UHX Fix Tubesheet 1

[laibme]

I am trying to go through the calculations for the fixed tubesheet using UHX. I got stuck when I was looking for the Kj value (the axial rigidity of expansion bellow).

Can someone tell me how to calculate the value or where it comes from?

I've tried looking at the examples in the UHX sections and they just seem to get the value from mid air.

Thanks.

laibme

 

[GenB]

Do you have an exp bellows in your design?
if not you do not need it and the value may be 1
I will study it further and advise.
genb

 

[laibme]

I am actually not trying to run an actual calculation, but to understand the calculations, as my job will require me to use it later.
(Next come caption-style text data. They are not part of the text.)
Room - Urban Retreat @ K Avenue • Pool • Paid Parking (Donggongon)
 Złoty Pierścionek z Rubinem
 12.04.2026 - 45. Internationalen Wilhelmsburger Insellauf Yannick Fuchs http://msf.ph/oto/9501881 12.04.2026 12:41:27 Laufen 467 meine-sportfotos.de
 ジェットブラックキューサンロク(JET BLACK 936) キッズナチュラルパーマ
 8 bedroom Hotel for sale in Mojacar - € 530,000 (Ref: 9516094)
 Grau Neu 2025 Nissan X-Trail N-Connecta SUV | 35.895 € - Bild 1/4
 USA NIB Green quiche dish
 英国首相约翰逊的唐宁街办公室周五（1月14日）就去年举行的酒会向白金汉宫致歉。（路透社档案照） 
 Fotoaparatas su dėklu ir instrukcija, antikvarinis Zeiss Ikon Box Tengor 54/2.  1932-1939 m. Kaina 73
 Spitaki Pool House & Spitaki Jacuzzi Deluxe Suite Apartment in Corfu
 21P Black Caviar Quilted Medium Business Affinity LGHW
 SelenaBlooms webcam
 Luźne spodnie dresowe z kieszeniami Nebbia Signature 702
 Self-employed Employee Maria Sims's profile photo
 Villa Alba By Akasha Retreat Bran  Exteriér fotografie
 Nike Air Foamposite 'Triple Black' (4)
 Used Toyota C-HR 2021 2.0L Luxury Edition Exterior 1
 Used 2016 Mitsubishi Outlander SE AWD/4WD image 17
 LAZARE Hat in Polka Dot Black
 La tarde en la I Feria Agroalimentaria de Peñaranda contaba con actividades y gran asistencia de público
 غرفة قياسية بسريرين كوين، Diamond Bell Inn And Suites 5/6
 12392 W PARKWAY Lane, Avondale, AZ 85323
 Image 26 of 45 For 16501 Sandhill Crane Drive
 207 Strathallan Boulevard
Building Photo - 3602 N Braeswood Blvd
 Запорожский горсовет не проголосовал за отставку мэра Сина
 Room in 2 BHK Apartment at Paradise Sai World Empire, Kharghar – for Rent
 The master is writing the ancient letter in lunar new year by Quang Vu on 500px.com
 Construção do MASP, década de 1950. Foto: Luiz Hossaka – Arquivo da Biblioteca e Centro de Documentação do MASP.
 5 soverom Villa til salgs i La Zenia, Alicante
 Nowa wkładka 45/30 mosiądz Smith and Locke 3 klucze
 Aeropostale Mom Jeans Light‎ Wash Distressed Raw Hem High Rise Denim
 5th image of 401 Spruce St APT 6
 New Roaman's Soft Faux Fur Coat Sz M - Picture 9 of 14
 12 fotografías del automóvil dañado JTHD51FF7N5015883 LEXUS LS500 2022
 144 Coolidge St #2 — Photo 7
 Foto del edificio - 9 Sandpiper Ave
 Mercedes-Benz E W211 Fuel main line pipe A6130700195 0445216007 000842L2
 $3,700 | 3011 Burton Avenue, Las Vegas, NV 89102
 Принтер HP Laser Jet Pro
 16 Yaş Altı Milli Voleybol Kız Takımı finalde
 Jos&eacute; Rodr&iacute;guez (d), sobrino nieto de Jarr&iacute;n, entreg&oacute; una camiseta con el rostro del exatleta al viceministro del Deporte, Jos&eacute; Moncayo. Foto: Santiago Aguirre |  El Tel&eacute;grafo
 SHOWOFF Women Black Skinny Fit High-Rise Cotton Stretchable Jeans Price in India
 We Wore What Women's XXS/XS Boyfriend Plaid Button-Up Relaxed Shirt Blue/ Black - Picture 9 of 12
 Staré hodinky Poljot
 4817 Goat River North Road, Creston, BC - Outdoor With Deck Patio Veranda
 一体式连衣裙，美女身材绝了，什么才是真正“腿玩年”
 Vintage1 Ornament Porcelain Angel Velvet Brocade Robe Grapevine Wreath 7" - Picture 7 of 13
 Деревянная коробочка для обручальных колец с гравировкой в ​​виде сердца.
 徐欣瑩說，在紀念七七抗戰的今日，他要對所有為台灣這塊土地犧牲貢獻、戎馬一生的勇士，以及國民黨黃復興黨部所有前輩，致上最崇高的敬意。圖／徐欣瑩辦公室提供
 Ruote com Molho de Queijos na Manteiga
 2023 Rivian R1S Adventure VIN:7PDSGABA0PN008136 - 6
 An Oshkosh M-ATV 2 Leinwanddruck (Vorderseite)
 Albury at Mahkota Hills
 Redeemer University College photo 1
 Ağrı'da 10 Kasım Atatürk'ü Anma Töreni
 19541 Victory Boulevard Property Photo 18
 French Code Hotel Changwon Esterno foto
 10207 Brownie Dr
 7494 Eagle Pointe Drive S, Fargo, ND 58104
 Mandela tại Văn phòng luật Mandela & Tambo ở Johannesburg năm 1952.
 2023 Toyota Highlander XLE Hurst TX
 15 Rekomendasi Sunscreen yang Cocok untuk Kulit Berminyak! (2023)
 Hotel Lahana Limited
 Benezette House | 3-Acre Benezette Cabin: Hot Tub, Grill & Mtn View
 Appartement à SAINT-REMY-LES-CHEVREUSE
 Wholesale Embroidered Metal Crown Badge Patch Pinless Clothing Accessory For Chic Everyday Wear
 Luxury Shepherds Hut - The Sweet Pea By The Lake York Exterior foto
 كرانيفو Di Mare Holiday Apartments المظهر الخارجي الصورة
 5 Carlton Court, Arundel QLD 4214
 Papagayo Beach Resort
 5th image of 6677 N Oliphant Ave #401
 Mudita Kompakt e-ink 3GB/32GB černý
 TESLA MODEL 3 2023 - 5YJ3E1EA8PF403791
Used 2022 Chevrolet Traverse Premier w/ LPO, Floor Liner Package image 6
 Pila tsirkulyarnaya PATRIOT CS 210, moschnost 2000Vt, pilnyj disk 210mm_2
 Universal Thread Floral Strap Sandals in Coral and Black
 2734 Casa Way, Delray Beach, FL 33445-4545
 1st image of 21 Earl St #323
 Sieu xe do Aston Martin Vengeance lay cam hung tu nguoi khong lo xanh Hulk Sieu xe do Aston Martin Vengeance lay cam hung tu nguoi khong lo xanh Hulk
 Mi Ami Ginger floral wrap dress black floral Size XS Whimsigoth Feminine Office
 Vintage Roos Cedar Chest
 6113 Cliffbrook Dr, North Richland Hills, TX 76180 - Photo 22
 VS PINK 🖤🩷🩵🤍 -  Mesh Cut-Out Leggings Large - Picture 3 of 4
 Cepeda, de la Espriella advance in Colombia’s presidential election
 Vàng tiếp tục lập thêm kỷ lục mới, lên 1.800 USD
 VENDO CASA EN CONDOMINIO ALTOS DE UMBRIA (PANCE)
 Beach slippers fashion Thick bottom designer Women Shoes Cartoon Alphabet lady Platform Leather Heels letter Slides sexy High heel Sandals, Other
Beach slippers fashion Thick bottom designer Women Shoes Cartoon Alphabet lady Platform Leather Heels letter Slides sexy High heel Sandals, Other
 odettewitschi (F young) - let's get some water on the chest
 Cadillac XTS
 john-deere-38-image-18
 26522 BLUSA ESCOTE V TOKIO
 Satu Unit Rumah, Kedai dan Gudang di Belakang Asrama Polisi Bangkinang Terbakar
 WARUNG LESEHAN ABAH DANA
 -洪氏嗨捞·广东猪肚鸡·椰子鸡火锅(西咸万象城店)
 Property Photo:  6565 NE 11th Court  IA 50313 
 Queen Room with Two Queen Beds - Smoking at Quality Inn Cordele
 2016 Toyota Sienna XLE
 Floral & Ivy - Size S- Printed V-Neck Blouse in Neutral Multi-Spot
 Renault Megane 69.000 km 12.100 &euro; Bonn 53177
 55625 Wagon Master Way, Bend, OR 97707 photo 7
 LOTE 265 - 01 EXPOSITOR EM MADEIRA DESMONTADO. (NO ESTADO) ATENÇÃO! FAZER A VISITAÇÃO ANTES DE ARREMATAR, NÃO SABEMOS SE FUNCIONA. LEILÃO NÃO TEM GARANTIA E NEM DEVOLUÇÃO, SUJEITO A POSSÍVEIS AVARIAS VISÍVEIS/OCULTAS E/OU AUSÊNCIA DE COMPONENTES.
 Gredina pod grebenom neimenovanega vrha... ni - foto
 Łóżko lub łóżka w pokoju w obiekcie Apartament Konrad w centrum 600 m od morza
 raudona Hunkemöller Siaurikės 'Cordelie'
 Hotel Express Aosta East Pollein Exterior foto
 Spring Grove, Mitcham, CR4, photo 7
So I want to understand this for all cases.

I understand if there is no bellow the J value automatically goes to 1, as per pg 285 in UHX section 13.3. Which would mean that the Kj value is equal to Ks, since the equation for the J value is 1/(1+(Ks/Kj)).

I thought about using the Ks equation and substituting it for Kj, but it doesn't make since to me as the bellows do not act the same way as the shell, even if I substitue the values of ts, Ds, and L. Unless I am mistaken, please let me know.

Thank you.

laibme

 

[Swig]

laibme says:
"I understand if there is no bellow the J value automatically goes to 1, as per pg 285 in UHX section 13.3. Which would mean that the Kj value is equal to Ks, since the equation for the J value is 1/(1+(Ks/Kj)). "

If you don't have a bellow, then the Kj is equal to infinity (and not equal to Ks). You can consider 'no bellow' like 'one with an enormous axial rigidity'.

Ks/Kj = Ks/infinity = 0, so J equals 1/(1+0)=1.

swig

 

[PVGuy]

laibme,

The Kj value comes from the design of the bellows and is simply plugged into the design of the exchanger per UHX. If you are doing thin walled bellows and you are calculating them in house you can use appendix 26 in SC VIII-I which will give you this value. If you do thick walled bellows, then you need to go outside SC VIII-I to calculate the bellows and Kj; but you need to meet the stress criteria of App. 5 in SC VIII-I.

 

[orion952]

I am also trying to determine Kj for a flanged & flued expansion joint. From a copy of Design of Process Equipment (third edition), chapter 6 walks you thru a design. Since I only needed a value for Kj to input into my software I only calculated Fj from this book which is the force required to move the expansion joint 1 inch. For a shell od of 36", exp joint od of 46", wall thickness of 3/8", shell length of 264", exp jt radius's of 1.5,a delta value of 0.0824" and H = 5". for SA-516 Gr 70 material I get an Fj value of 22197 lb/in. Would someone like to check me and comment on the logic of this approach.

 

[PVGuy]

Orion 952,

The method you have sited is a generally accepted method, the book though has some errors though. The axial rigidity is not dependent on the delta value like Fj is. If you divide the Fj value by the value of Y (terms defined in your reference) then the result is the axial rigidity, it is not uncommon for this value to be near or in excess of 1,000,000 lb/in.